* [What to produce]
Report every line of the entries that contains the word "chatting".

* [Extracted entries]

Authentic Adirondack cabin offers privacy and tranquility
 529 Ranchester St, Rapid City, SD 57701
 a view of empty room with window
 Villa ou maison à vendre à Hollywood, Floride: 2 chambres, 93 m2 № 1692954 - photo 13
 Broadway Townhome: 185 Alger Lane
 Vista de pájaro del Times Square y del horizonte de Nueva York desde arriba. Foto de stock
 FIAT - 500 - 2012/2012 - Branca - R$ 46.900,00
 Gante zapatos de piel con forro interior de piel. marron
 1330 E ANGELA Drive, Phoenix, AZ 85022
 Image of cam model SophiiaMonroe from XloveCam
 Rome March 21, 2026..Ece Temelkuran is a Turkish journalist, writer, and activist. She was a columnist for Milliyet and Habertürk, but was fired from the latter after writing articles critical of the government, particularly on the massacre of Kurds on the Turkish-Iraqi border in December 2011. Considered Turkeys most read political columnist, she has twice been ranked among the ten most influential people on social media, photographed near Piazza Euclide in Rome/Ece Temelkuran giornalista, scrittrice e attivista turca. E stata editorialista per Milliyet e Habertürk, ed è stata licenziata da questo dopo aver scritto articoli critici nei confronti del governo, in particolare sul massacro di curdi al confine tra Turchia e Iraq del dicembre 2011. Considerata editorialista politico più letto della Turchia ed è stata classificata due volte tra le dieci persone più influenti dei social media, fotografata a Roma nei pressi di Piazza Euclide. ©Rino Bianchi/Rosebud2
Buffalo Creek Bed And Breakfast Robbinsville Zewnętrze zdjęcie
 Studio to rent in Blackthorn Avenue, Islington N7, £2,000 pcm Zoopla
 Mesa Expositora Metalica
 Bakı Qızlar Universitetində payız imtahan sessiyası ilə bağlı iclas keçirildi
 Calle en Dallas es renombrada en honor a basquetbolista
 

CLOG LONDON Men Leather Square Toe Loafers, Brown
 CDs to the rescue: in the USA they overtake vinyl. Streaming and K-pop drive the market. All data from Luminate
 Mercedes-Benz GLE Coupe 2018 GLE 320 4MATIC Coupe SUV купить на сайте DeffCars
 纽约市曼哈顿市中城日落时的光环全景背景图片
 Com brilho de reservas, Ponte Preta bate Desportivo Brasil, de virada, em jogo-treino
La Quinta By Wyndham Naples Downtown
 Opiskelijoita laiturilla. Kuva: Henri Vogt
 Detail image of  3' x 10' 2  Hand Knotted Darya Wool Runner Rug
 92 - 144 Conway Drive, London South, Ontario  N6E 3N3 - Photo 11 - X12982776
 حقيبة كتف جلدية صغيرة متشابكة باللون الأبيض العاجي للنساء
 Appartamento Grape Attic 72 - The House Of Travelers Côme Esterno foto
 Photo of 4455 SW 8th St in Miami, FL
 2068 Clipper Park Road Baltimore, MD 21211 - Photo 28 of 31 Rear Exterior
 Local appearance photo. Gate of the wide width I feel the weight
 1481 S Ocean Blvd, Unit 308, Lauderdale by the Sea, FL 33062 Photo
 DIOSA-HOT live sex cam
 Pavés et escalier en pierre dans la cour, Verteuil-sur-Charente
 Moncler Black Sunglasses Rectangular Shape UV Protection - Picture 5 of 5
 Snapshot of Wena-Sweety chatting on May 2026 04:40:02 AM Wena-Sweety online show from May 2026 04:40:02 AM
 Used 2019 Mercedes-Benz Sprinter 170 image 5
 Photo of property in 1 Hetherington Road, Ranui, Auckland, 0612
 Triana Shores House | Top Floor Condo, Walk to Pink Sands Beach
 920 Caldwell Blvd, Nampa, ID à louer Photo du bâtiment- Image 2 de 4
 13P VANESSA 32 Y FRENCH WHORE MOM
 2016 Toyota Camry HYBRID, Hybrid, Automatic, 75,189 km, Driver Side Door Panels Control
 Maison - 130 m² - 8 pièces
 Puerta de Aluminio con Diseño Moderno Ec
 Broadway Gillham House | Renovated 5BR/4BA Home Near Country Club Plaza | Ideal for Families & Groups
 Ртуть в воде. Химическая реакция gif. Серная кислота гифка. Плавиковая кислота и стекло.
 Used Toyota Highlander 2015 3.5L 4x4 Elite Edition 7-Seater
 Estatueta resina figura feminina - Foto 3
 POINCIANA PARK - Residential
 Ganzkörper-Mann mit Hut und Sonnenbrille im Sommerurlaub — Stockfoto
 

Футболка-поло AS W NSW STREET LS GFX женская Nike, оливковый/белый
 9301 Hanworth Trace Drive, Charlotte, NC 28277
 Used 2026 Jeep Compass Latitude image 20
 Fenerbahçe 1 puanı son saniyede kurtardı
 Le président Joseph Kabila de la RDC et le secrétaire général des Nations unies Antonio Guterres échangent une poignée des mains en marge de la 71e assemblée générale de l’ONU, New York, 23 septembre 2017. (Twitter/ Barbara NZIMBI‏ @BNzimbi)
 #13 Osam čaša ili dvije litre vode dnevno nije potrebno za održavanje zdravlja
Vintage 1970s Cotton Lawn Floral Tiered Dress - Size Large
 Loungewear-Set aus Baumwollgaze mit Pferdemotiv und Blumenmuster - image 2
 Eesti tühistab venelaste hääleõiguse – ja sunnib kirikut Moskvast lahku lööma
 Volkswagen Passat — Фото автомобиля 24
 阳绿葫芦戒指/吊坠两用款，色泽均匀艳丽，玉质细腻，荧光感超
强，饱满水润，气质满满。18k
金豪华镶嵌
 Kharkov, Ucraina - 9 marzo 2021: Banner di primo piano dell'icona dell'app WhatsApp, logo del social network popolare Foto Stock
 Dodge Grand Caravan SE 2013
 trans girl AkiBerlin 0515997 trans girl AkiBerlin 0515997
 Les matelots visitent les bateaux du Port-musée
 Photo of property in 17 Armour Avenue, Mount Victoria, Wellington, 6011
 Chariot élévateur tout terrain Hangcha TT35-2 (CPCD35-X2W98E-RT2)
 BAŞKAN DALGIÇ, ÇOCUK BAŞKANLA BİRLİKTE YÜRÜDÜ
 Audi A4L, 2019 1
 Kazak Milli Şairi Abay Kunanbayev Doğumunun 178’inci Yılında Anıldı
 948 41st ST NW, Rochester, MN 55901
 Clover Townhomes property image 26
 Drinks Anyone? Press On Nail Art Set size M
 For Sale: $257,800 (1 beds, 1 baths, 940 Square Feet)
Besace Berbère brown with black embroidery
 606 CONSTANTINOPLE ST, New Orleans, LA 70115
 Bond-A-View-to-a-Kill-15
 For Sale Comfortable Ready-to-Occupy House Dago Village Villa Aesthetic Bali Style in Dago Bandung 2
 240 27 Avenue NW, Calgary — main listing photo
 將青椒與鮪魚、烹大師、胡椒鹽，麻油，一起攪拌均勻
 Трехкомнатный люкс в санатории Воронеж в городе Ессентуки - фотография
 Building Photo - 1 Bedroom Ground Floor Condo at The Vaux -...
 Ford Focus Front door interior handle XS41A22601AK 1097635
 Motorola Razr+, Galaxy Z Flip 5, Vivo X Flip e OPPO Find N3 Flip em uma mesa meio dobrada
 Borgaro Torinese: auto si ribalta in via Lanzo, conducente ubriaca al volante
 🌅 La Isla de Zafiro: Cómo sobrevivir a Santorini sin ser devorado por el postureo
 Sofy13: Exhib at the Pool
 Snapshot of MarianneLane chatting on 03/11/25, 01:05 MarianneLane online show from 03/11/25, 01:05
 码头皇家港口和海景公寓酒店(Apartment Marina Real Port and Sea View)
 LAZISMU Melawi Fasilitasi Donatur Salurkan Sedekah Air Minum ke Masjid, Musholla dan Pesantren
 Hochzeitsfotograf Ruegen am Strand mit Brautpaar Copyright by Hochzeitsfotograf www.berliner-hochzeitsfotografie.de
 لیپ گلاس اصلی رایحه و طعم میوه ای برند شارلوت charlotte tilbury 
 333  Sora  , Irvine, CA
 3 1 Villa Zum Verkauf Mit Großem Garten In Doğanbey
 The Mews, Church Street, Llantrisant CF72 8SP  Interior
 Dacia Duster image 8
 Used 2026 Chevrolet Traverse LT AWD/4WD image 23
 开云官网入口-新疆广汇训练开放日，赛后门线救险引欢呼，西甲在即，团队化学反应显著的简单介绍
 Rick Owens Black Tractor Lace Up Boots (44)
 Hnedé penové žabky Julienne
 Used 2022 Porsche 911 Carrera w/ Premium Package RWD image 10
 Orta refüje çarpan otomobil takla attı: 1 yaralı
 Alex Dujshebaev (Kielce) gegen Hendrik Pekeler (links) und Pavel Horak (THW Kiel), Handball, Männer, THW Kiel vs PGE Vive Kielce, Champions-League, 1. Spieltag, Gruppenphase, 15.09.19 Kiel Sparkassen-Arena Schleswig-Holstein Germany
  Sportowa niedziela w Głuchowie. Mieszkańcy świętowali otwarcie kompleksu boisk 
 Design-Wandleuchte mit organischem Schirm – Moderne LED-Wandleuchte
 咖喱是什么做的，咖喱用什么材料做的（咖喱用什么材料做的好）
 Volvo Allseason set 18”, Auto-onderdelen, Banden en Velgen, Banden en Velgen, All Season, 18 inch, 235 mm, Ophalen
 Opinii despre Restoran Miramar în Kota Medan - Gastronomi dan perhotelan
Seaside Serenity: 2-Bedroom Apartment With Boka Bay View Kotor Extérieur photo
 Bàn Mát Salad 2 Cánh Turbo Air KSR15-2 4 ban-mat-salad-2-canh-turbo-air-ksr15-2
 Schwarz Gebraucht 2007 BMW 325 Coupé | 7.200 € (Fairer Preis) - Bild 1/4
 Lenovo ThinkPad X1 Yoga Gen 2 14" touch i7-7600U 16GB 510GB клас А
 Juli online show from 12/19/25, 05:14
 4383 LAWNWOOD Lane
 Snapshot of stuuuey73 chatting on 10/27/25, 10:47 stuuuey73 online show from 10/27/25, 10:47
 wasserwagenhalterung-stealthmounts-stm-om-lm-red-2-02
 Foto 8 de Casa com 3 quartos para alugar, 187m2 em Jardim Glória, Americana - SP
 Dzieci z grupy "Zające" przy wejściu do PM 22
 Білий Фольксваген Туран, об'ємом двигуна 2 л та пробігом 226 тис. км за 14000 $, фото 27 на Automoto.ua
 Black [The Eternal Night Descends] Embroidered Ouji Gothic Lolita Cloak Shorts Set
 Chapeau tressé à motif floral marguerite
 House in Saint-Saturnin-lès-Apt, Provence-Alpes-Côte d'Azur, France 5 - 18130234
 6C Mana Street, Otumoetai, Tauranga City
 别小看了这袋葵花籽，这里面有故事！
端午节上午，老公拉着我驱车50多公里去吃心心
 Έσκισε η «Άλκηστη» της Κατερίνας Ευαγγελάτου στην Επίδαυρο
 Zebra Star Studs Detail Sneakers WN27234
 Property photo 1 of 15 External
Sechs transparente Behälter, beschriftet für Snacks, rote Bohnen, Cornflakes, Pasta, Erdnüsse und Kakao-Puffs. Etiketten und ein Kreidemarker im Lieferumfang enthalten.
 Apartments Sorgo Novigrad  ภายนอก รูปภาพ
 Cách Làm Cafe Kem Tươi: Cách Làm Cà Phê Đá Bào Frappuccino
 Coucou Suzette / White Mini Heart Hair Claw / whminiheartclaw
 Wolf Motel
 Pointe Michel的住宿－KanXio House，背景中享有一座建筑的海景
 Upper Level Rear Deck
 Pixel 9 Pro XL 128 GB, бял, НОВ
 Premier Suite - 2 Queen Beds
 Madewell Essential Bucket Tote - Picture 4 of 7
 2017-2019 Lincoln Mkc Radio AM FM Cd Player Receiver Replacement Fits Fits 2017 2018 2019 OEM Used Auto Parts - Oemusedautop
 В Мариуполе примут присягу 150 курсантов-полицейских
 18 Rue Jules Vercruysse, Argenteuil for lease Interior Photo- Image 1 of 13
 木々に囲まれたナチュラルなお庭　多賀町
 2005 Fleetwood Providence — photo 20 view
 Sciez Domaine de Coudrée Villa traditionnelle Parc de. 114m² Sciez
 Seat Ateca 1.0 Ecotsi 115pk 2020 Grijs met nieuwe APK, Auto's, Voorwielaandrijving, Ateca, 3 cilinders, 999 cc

* [Answer space]
 Snapshot of Wena-Sweety chatting on May 2026 04:40:02 AM Wena-Sweety online show from May 2026 04:40:02 AM
 Snapshot of MarianneLane chatting on 03/11/25, 01:05 MarianneLane online show from 03/11/25, 01:05
 Snapshot of stuuuey73 chatting on 10/27/25, 10:47 stuuuey73 online show from 10/27/25, 10:47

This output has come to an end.